ColorComm: Three Key Steps to Cultivate Belonging
WE Communications Blog: Culture & Careers
In June, ColorComm hosted its fifth annual conference in Maui, Hawaii. It was an honor to join the 300-strong community of women for a second year, along with three colleagues and our CEO Melissa Waggener Zorkin. Three themes emerged from four days of candid and energizing conversations, workshops and presentations: Seek and build community, stand up and speak out, and make room at the table.
Seek and Build Community, Inside and Out
At a breakfast celebrating the ColorComm Circle Award winners, Jackie Gagne, vice president of multicultural marketing at HBO and a board member of ColorComm, stressed that it’s important for women of color in communications to “build networks outside your company in addition to inside it.”
The value of community outside the walls of a company mitigates insular thinking and biased ideas and opens a new world of possibility, including perspective and stories of adversity that individuals face. As leaders and managers, it is incumbent on us to open our eyes, to experience a world different from our daily purview.
During the past several years at WE, we’ve increased the programming, resources and opportunities for our employees to expand their horizons and experience new contexts. Our first employee resource group, WE Pride, just celebrated its first anniversary after an intense year of learning and activity, including guest presentations from the Gender Justice League, Entre Hermanos and others.
Community partnerships are a cornerstone of our diversity and inclusion strategy. In addition to sponsoring ColorComm, Kass Sells, president of North America, champions and advocates for minority students, as a board member of The LAGRANT Foundation — a nonprofit that provides scholarships to undergraduate and graduate students of color majoring in communications. WE recently celebrated more than 60 students — and The LAGRANT Foundation’s 20th anniversary — at scholarship dinners and receptions in New York and San Francisco.
Stand Up and Speak Out
Soledad O’Brien’s interview with ColorComm founder Lauren Wesley Wilson on building community, the past, present and future of ColorComm, and how to impactfully network captured a central theme at the conference. One thing Lauren said stuck with me: “It’s important to share what you specifically need, ask what others need, and then tangibly help each other.”
This may seem like obvious advice, but in practice, establishing that kind of clear communications channel can be tough — especially in a workplace full of diverse points of view. What one employee assumes to be true is not what his or her neighbor assumes, and it can be easy to misinterpret and miscommunicate when you don’t understand where another person is coming from.

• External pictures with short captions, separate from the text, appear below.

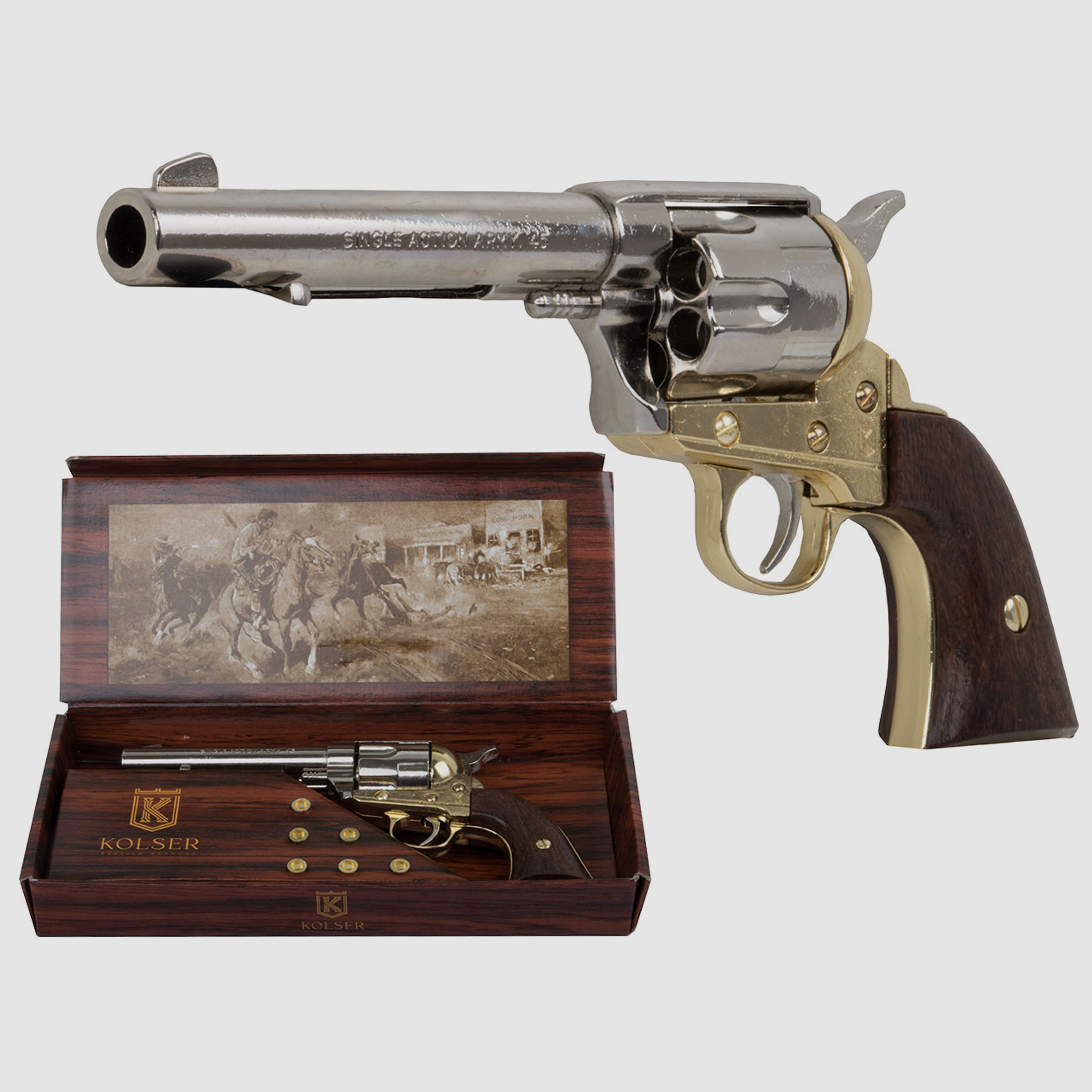 B-Ware Deko Revolver Kolser Colt SAA .45 Peacemaker USA 1873 5,5 Zoll nickel gold Griffschalen in Holzoptik
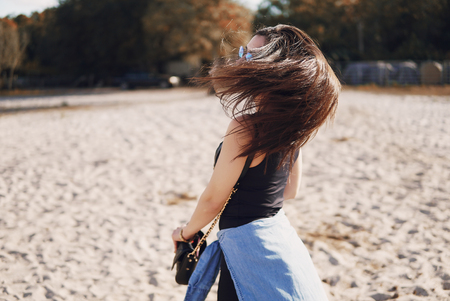 girl preparing to ride a horseの写真素材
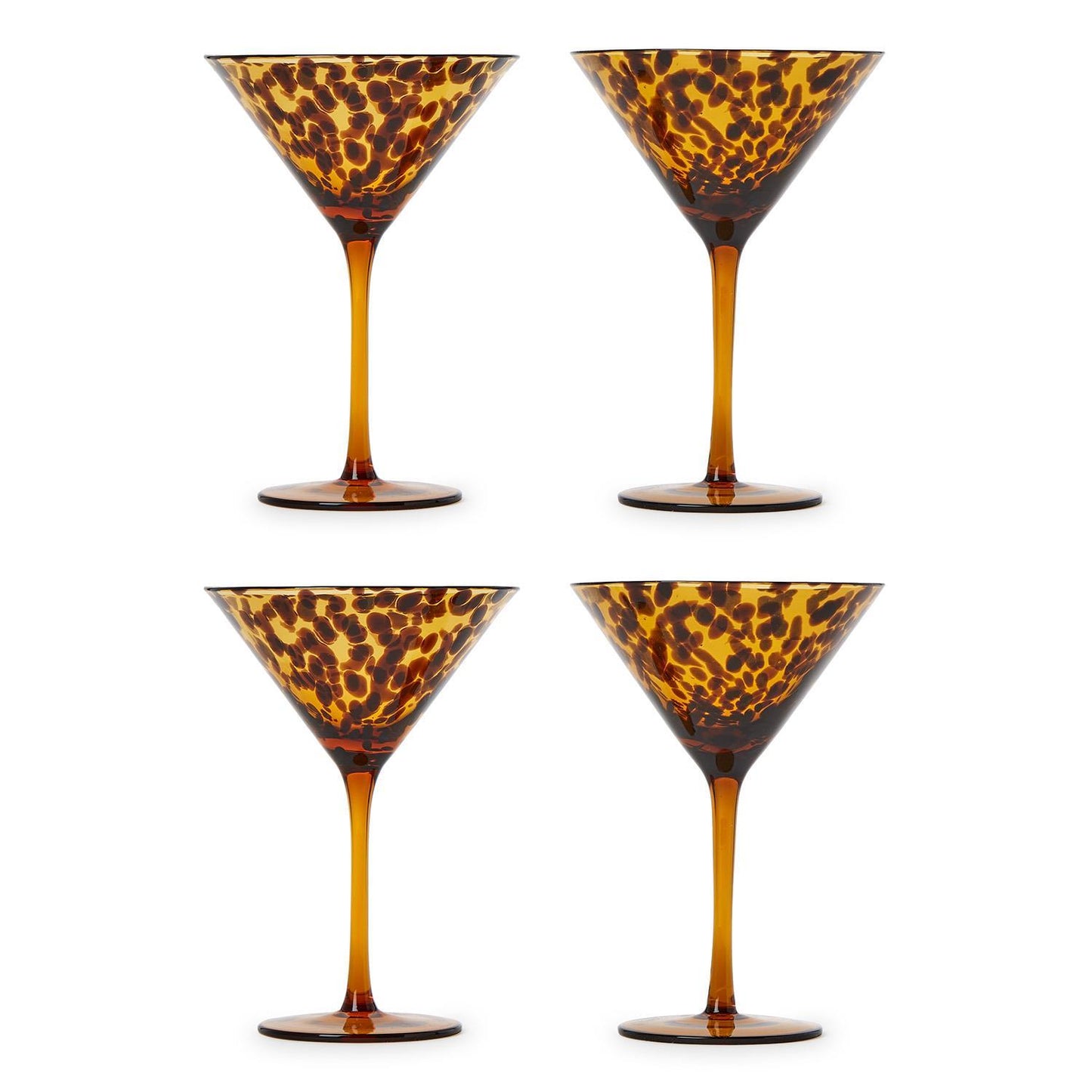 Set of 4 Tortoise Print Martini Glass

It’s important to bring assumptions into the light so they can be understood and acted against. Until we face our own vulnerabilities and blind spots, it’s sometimes difficult to connect in an authentic way with people who don’t share our backgrounds. This year, many WE employees are undergoing unconscious bias training. We believe that starting a conversation about how we engage and connect with each other is a critical step toward being more effective communications professionals, better employees and more understanding people.
Make Room at the Table
Discussion topics at ColorComm spanned the gamut — from entrepreneurialism to body language, and from the #MeToo movement to networking. It was illuminating to be part of discussions on evergreen topics through the lens of the women in the room. For example, in a discussion about the power of networking Amanda Enayati, the Iranian-American writer, columnist and communications strategist from the 3% Movement, discussed failure. “If you’re afraid to fail then you need to keep your world constant,” Enayati said. “But the world is changing, and we need to reframe and take charge of helping to redesign that world.”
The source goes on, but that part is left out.